Quantum gravity physics based on facts, giving checkable predictions

Thursday, September 22, 2005

General relativity is simple

I like the brief summary of the basic mathematics in general relativity given by John Baez: http://math.ucr.edu/home/baez/gr/outline1.html although his more detailed explanation here: http://math.ucr.edu/home/baez/gr/outline2.html is less encouraging; it seems to omit both physics and the process by which general relativity was obtained. What can anyone learn from the conventional teaching of general relativity? The answer is mathematical manipulation.

On my page http://nigelcook0.tripod.com/ I give a discussion from a different perspective, considering the physical processes and historical development of general relativity. I also give simplified differential equations for the various tensors and their units very briefly. I do not give the full expansion of the Riemann tensor, for example. Students have to go elsewhere for that.

What seems more important for quantum gravity is the fact that the spacetime fabric can be treated as a perfect fluid.

‘… the source of the gravitational field can be taken to be a perfect fluid…. A fluid is a continuum that ‘flows’... A perfect fluid is defined as one in which all antislipping forces are zero, and the only force between neighboring fluid elements is pressure.’ – Bernard Schutz, ‘General Relativity’, Cambridge University Press, 1986, pp. 89-90.

‘The Michelson-Morley experiment has thus failed to detect our motion through the aether, because the effect looked for – the delay of one of the light waves – is exactly compensated by an automatic contraction of the matter forming the apparatus…. The great stumbing-block for a philosophy which denies absolute space is the experimental detection of absolute rotation.’ – A.S. Eddington, Space Time and Gravitation, Cambridge, 1921, pp. 20, 152.

So the contraction of the Michelson-Morley instrument made it fail to detect absolute motion. This is why special relativity needs replacement with a causal general relativity:

‘According to the general theory of relativity space without ether is unthinkable.’ – Albert Einstein, Leyden university lecture ‘Ether and Relativity’, 1920. (A. Einstein, Sidelights on Relativity, Dover, 1952, p. 23.)
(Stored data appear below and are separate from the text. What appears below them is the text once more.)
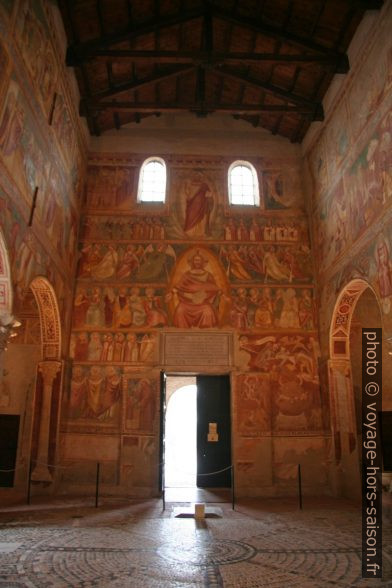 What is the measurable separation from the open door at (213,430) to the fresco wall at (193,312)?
50 centimetres

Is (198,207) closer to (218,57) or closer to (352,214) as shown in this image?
(218,57)

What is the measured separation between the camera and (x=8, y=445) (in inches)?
536

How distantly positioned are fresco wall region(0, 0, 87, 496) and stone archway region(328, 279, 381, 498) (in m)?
7.97

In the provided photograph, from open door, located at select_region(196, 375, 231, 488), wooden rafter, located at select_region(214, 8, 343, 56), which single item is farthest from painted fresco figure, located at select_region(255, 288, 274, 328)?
wooden rafter, located at select_region(214, 8, 343, 56)

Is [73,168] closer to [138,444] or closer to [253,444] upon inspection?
[138,444]

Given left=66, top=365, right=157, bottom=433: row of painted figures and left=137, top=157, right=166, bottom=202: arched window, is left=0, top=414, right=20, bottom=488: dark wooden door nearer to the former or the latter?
left=66, top=365, right=157, bottom=433: row of painted figures

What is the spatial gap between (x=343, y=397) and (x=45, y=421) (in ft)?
28.0

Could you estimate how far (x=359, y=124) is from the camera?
11734mm

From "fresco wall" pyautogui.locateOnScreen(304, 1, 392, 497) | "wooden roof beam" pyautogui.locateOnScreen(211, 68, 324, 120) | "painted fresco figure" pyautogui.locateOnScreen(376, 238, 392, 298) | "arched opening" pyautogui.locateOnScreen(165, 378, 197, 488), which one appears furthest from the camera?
"arched opening" pyautogui.locateOnScreen(165, 378, 197, 488)

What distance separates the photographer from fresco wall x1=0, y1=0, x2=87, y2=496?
877 centimetres

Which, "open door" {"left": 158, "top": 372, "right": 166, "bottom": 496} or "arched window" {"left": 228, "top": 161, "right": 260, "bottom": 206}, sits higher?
"arched window" {"left": 228, "top": 161, "right": 260, "bottom": 206}

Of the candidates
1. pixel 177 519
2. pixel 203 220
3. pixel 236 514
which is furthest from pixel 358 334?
pixel 177 519

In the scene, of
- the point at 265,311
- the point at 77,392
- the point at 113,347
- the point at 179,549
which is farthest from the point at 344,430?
the point at 77,392

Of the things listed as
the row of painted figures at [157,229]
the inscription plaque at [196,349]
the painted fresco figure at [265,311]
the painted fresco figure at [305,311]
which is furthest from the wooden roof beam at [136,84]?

An overdose of the tensor properties of general relativity can give the reader the false impression that nature is mathematical not physical. This seems to be the case with the current interest in string theory. I don't doubt that extra dimensions, particularly the 4th dimension and possibly the M-theory compactified dimensions, have a mathematical equivalence to reality. But the answer might not be found by getting ever more mathematical. Electromagnetism is weird enough, with forces being propagated along electric and magnetic field lines, to believe that there could be some extra dimensional significance behind it. But you need a physical theory tied to experimental facts even more if there are extra dimensions, because you will get in a real tangle without sticking to physical reality. The vast number of ideas about branes and ways to deal mathematically with extra dimensions show this.

‘Children lose interest … because a natural interest in the world around them has been replaced by an unnatural acceptance of the soundness of certain views, the correctness of particular opinions and the validity of specific claims.’ – David Lewis, You can teach your child intelligence, Book Club Associates, London, 1982, p. 258.